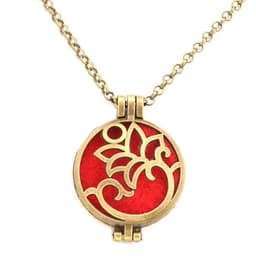 image-Fashion Personality Fragrance Kaleidoscope Vintage Necklace
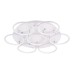 Потолочная люстра Rapid A2500PL-7WH Arte Lamp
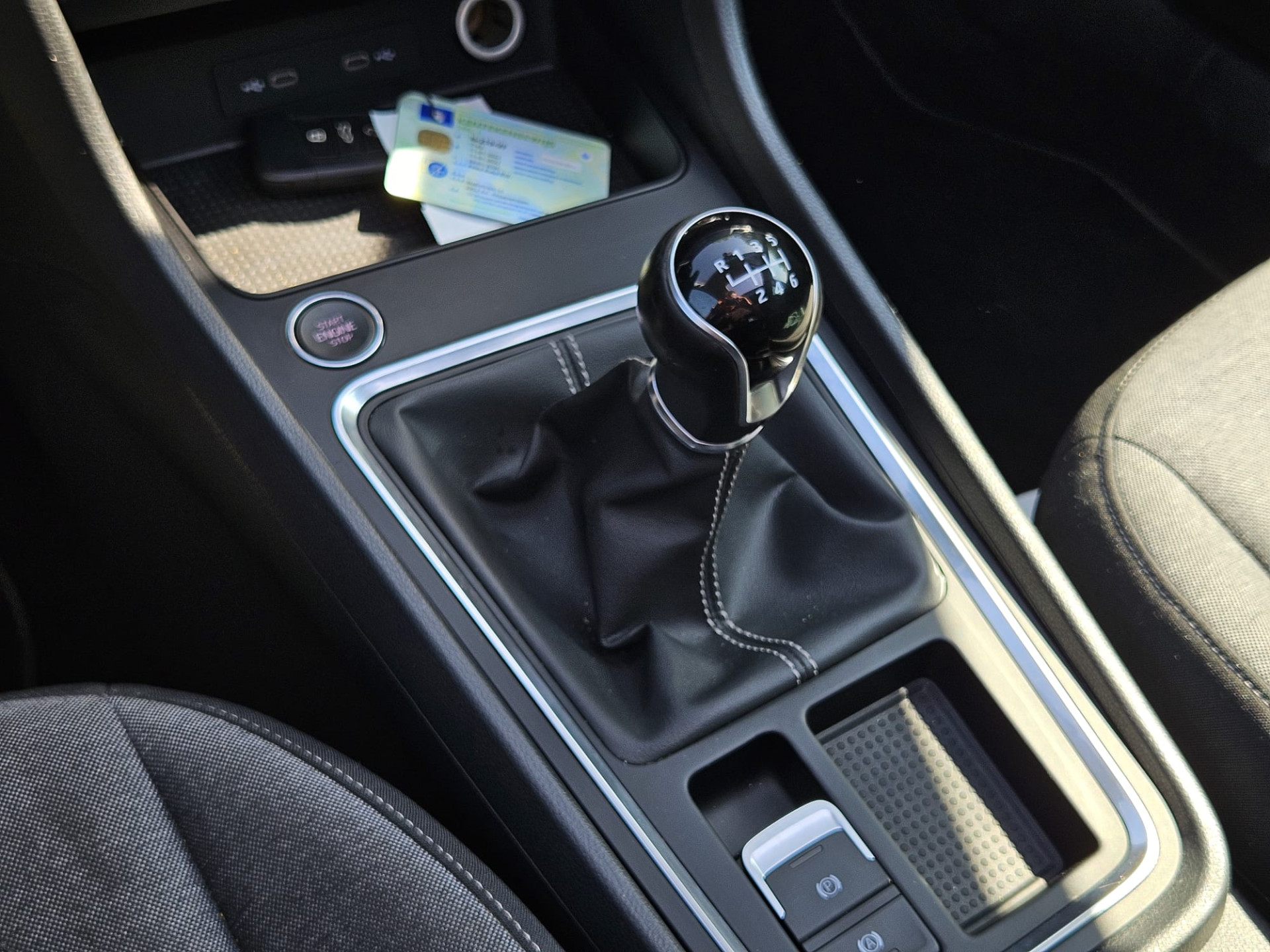 Foto van Seat Seat Ateca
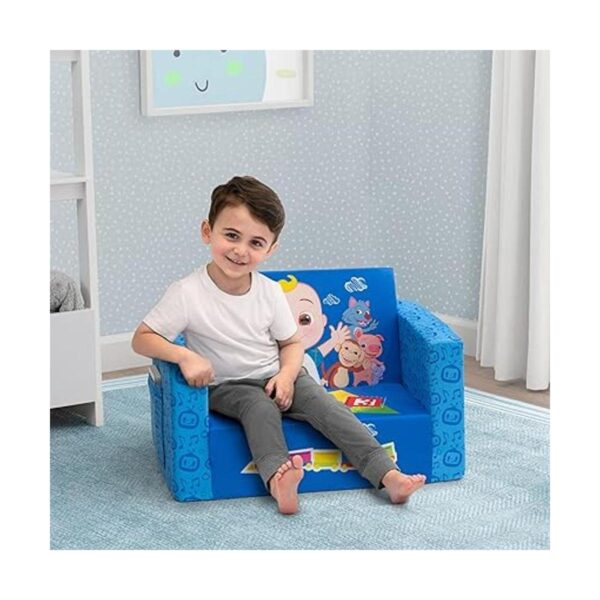 CoComelon Cozee Silla abatible 2 en 1 convertible a_2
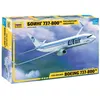 Image de Boeing 737-800 Zvezda 1/144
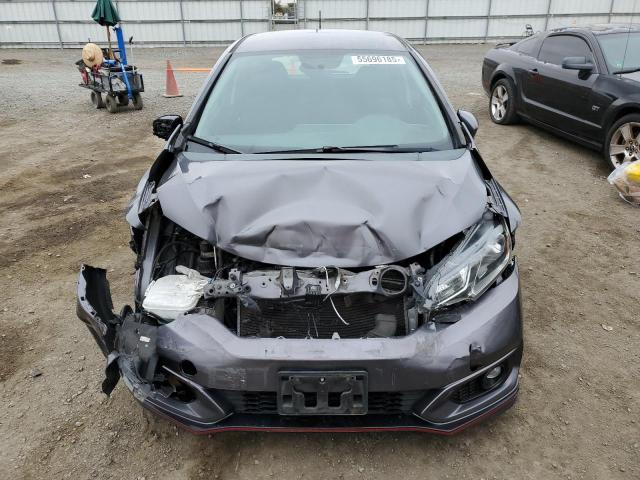 2018 HONDA FIT SPORT 3HGGK5G65JM717235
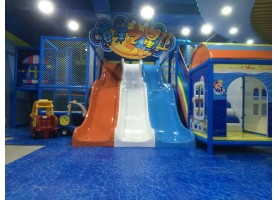 why kids have fun at indoor playgrounds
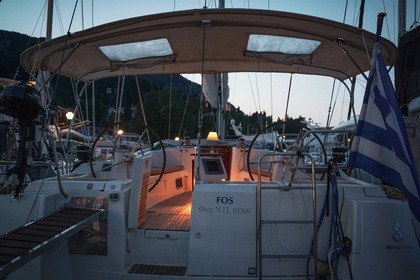 Beneteau Oceanis 54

§ What this task involves
Return the listing above in full and without alteration, excluding its pictures.

§ Output of the task
 image-Fashion Personality Fragrance Kaleidoscope Vintage Necklace
 Потолочная люстра Rapid A2500PL-7WH Arte Lamp
 Foto van Seat Seat Ateca
 CoComelon Cozee Silla abatible 2 en 1 convertible a_2
 Image de Boeing 737-800 Zvezda 1/144
 2018 HONDA FIT SPORT 3HGGK5G65JM717235
 why kids have fun at indoor playgrounds
 Beneteau Oceanis 54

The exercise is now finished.